It’s not about gold, it’s about sending a message

The Olympics have finished, and we finally have a chance for retrospection. The Olympics have finished, and we have lost.

Don’t tell me we have the most medals, list us first and pretend that matters. Don’t tell me we still got second and ought be pleased with ourselves for that. Don’t tell me the Chinese girls cheated and are younger than they claim to be and our poor 16-year-olds didn’t have a chance.

We lost, and I don’t care if it’s basketball, diving or dressage, we ought to bring home the gold. We ought to win. We’re American. That’s what we do; that’s who we are.

I don’t think about the 100-meter butterfly but once every four years, and if Americans lose all the international swimming championships between now and 2012, I won’t hear of it, much less care. But Olympics have about as much to do with sports as flags do with stitching.

They’re a material excuse for immaterial, passionate feelings. We don’t care about our athletes as people but as champions, nor the vast majority of their events, which are practically inconsequential. We care that our superiority as a nation is continually affirmed and reaffirmed through competition. This year our superiority was not reaffirmed. This year we lost. This year, China beat us, and for that there is no excuse.

I’m exaggerating, obviously, but only exaggerating, not fibbing.

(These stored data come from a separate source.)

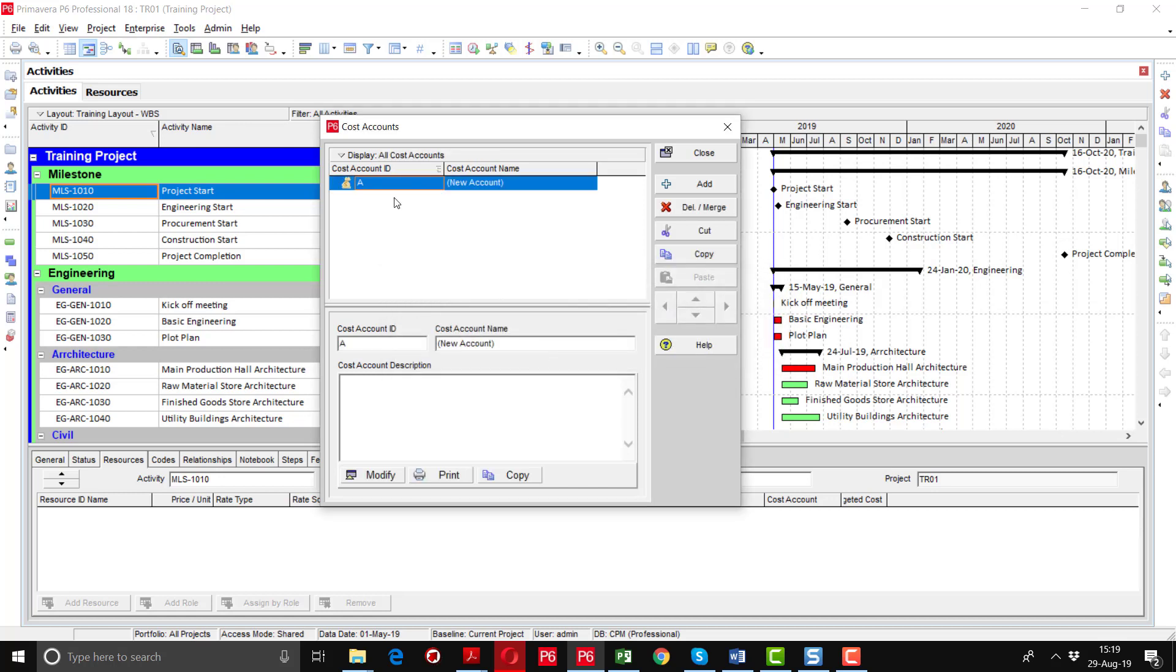Click OK. This is the cost account ID and cost account name. I am going to write this ID. Suppose we are creating cost accounts under one heading. I'll write here CPM Cost Accounts.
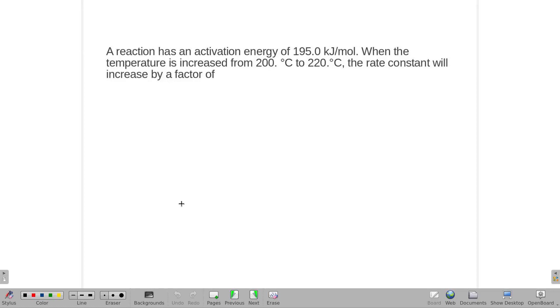A reaction has an activation energy of 195 kilojoules per mole. When the temperature is increased from 200 to 220, the rate constant will increase by a factor of what?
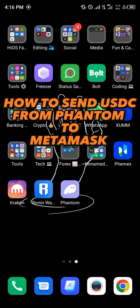Hello guys and welcome to another quick tutorial video. In this short tutorial I'm going to be showing you how you can send USDC from your Phantom wallet to your MetaMask wallet.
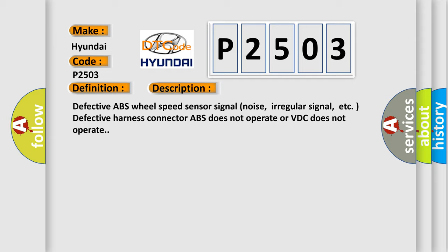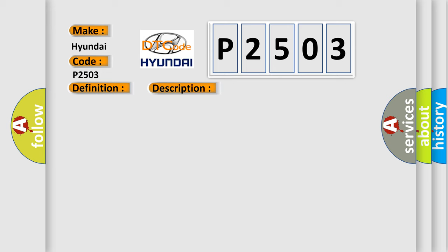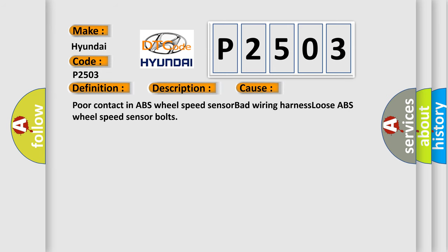This diagnostic error occurs most often in these cases: poor contact in ABS wheel speed sensor, bad wiring harness, or loose ABS wheel speed sensor bolts.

The Olympics are chauvinistic nonsense expressed in the form of mock war. Well, we just lost the Second Sino-American War. We could murder a billion Chinese with nukes, could cripple their infrastructure and economy with missiles and conventional bombing, and our country would remain mostly physically intact. At the present time and for the foreseeable future, China isn’t another Soviet Union. Their military is 7 million strong and can’t be used against any Americans not already in the neighborhood.

But they’re scary to us because they’re on the way up, and we, well, we aren’t. Or at least we aren’t going up quite so fast as we once were. In the 19th century, we knew our best times as a country were ahead. In the late ’40s, we were responsible for half the world’s industrial output and were the only nation on earth still materially capable of waging war. Things have gotten better for us since, but we were at our best then.

China believes the 21st century is theirs just as much as the 20th was ours. The past two centuries or so have been hiccups for the Middle Kingdom that brought civilization paper, printing, gunpowder and the compass. They — all billion of them — are simply rising to their natural place.

Actually, they’re just rising, and no one knows how high they’ll go or what route they’ll take; each arch is different. Japan rapidly modernized, militarized and even more rapidly collapsed. Then the Japanese became mighty, superior exporters that terrified American prognosticators until the ’90s when the bubble finally burst.

Whoops.

China has no destiny or set path, but they do have ambition we sorely lack. We’re on top and want to remain there. Current generations don’t want to exceed our parents, just live comfortably. At most we want to be celebrities. For anything whatsoever. We expect to win the Olympics, but the Chinese wanted to and did — against some of our most motivated people.

A nation isn’t great because it succeeds in the Olympics, but somehow great nations do. If we want to win Olympics 50 years from now, we ought worry how well children know math and physics, not how well they can run, swim and shoot.